Dugan had the innate ability to lead large organizations through his focus on strategic management of human resources, to include retaining, recruiting and developing the workforce with the right skills and competencies, as well as functional skills and leadership development. By appreciating contributions, welcoming constructive criticism and feedback, helping people believe in themselves, heralding a higher purpose and setting the proper example, he demonstrated great expansion in the quality and contribution of existing and new leaders within the Army.

Class of 2016

GEN Miley

General Henry A. Miley Jr.

Gen. Henry A. Miley Jr., the third commanding general at AMC and second-longest tenured, was integral in helping the organization navigate the largest drawdown in U.S. Army history through the end of the Vietnam War.

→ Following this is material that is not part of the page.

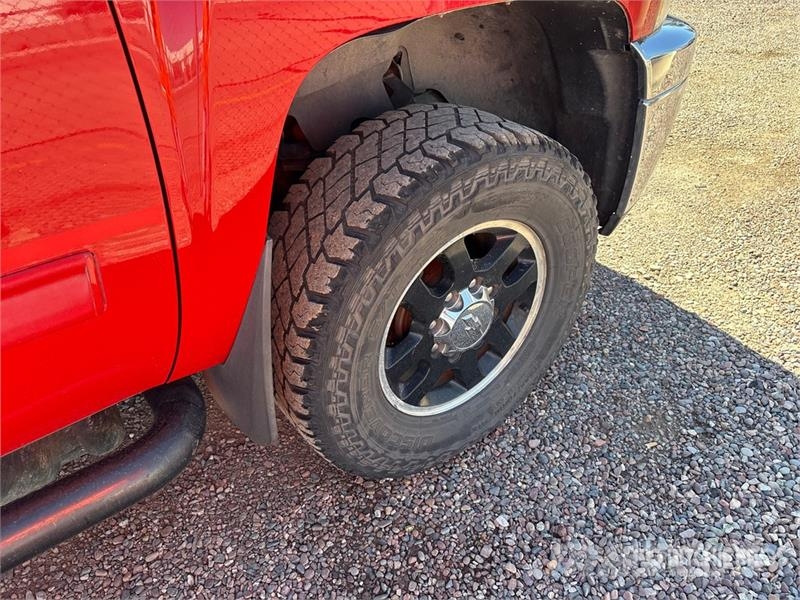Chevrolet Silverado 2500HD Custom 4x4 Crew Cab Pickup 其他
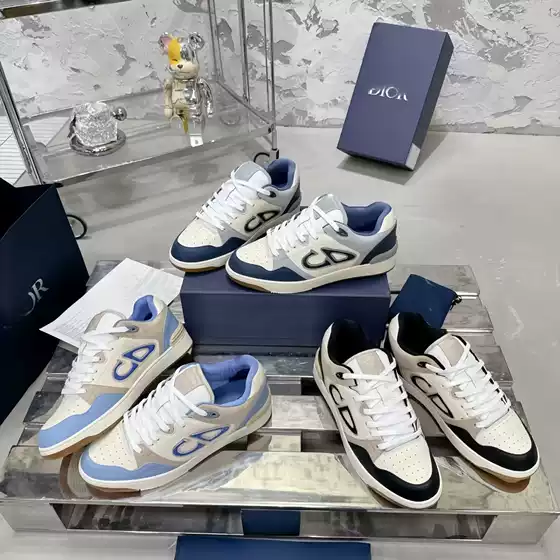 B57 Letter Canvas Sneakers for Men and Women Couple Style Genuine Leather Lace-up Panda Shoes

Miley, who was commissioned in 1940, served throughout World War II and spent much of his career as an ordnance officer. Miley first joined AMC in 1964 as the Deputy Director, Procurement and Production. Following that assignment, he worked for several years as the Assistant Deputy Chief of Staff for Logistics (Programs and Budget) until returning to AMC in 1969 as the deputy commanding general.

Miley was promoted to general in 1970 and given full command of AMC, having the distinction of being the first ordnance officer to attain the rank of four-star general. Miley spent the next five years at AMC, where he retired in 1975.

GEN Thompson

General Richard H. Thompson

Gen. Richard H. Thompson, the eighth commanding general at AMC, is the only Soldier in the quartermaster branch of the U.S. Army to ascend from the rank of private to four-star general. He is also remembered for his role in changing the organization’s name back to AMC from the Army Materiel Development and Readiness Command.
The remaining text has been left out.